SuttaCentral

[Project] Biggest Pali dictionary and translation correction tool

dictionary
pali
development
html
database
Tags: #<Tag:0x00007f788ab7ff98> #<Tag:0x00007f788ab7fe30> #<Tag:0x00007f788ab7fb88> #<Tag:0x00007f788ab7f8e0> #<Tag:0x00007f788ab7f728>

#1

Hello Friends.

Long time ago I got frustrated with current status of the Pali dictionaries. I got idea to collect all existing dictionaries and put them into one completely new. I stared to collect the dictionaries, building data structure in MS Access. But soon I realised that the project is extremely huge, time consuming and worst, it is out of my technical skill.

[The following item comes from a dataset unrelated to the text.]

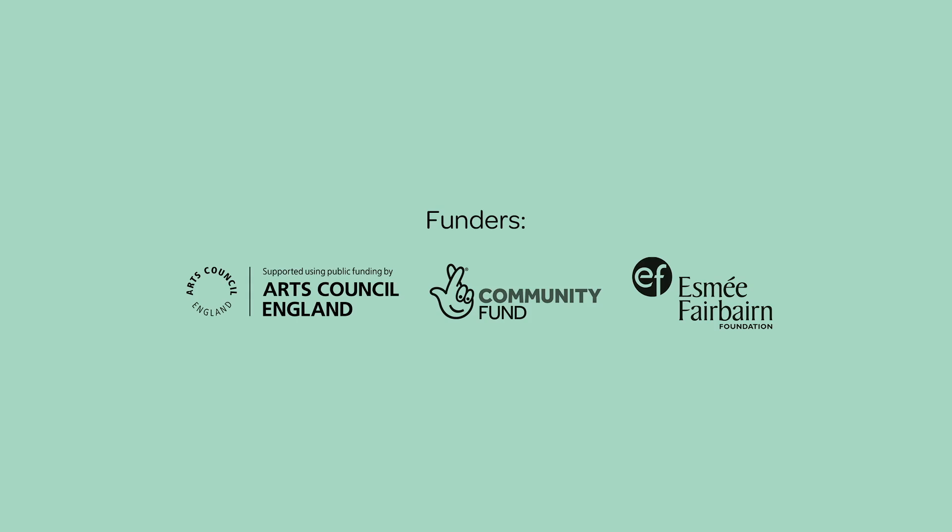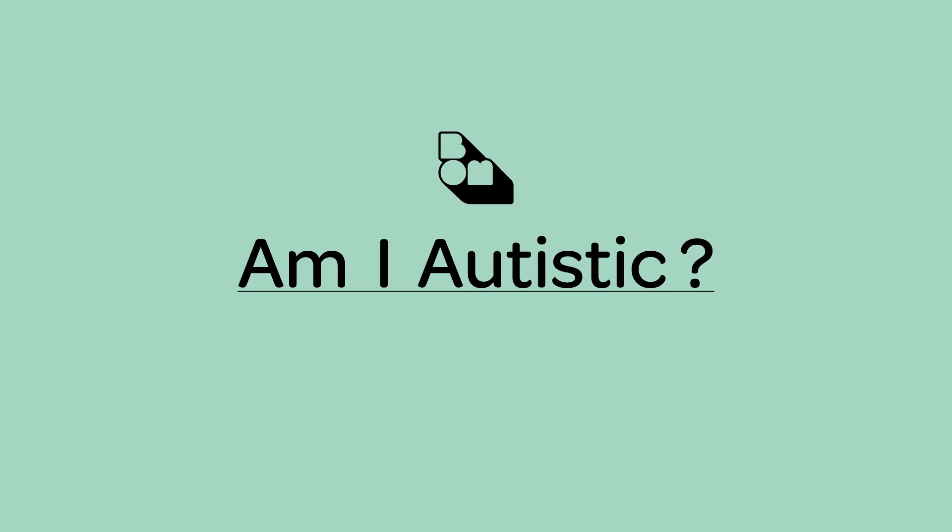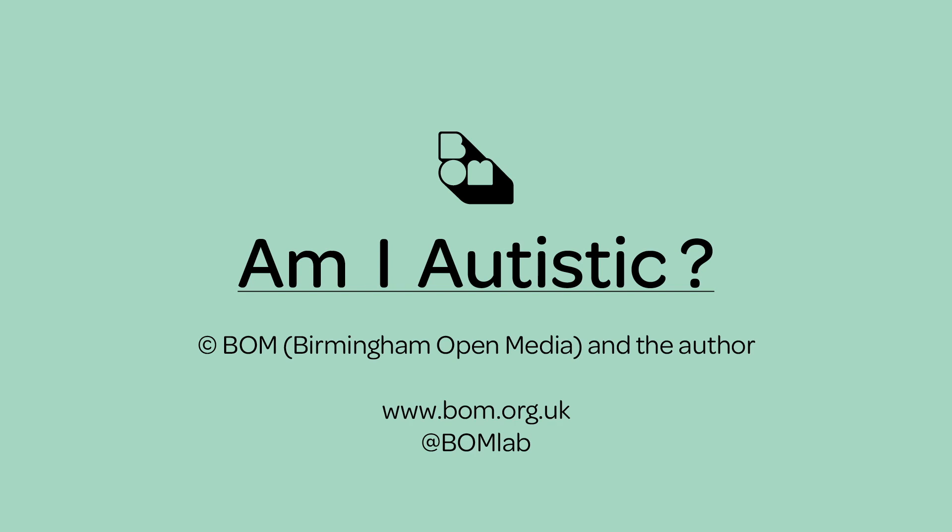Link 20. With thanks to funders Arts Council England, The National Lottery Community Fund, and Esmée Fairbairn. Copyright BOM Birmingham Open Media and the author Sonia Bue. www.bom.org.uk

The idea was that software (database) should be the hub for all Pali dictionaries and should be the hub for Pali scholars and monastic to correct, vote and rank each translation.

With such database the new biggest Pali dictionary can be generated, for each word except the translation many additional fields can be generated (also audio files!).

I have basic database structure and collected lot of dictionaries see:

For details see my GitHub - dxcore35/massive_Pali-dictionary: Biggest Pali dictionary (Please note that there are no files, and tables uploaded, yet)

Now I’m stucked with cleaning of the data and migrating of the database. It is out of my current knowledge. I would like to gather any feedback or any help from anybody who is interested.

With Metta


#2

Hi dxcore,

This is an awesome idea and project.

We have done a lot of work with Pali dictionaries over the years, so rather than repeat myself, perhaps you’d like to search some of the old threads on this forum.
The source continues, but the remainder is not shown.